Tuesday, December 18, 2012

This is the first time in my life I’ve ever been sick to death of fonts.

Welcome to Marcy’s Ongoing Font Disaster. After more quirky behavior from my iMac computer today I spent another three hours deleting an additional 200+ corrupted fonts — not counting the 350 I deleted yesterday; see previous post — that showed up in my system file with little red and yellow “danger” tags. When I finished I was half-blind but feeling technologically superior, so I decided to unwind and design a couple of birthday cards. That’s when I ran into some exceptionally crazy crap with a corrupted InDesign document. I had to “force quit” InDesign and Photoshop at least half a dozen times and restart my Mac over and over and over, and in the process more than half of my remaining fonts — the HEALTHY ones! — vanished from the face of the earth.

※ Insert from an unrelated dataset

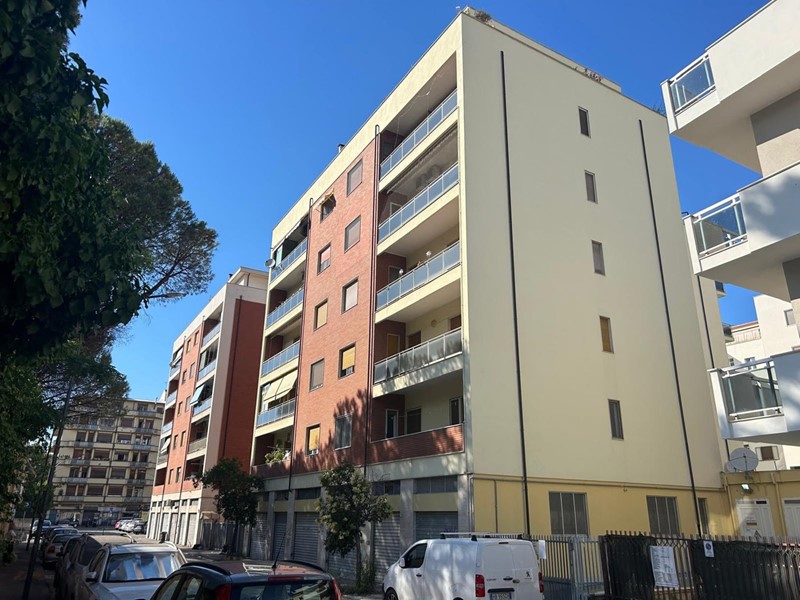 Quadrilocale in Vendita a Pescara, 220'000&euro;, 140 m²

I devoted the remainder of the day to hunting down and reinstalling the fonts that got away. I had zip files for lots of them (thank God) but had to prowl around on half a dozen different websites to download some others. It’s already after 7 p.m. and I’ve been dealing with this horseshit since Sam left for work at 1:15. MY BRAIN IS FRIED. After nearly three decades as a Macintosh owner, I can honestly say this is the first time I’ve ever been sick to death of fonts!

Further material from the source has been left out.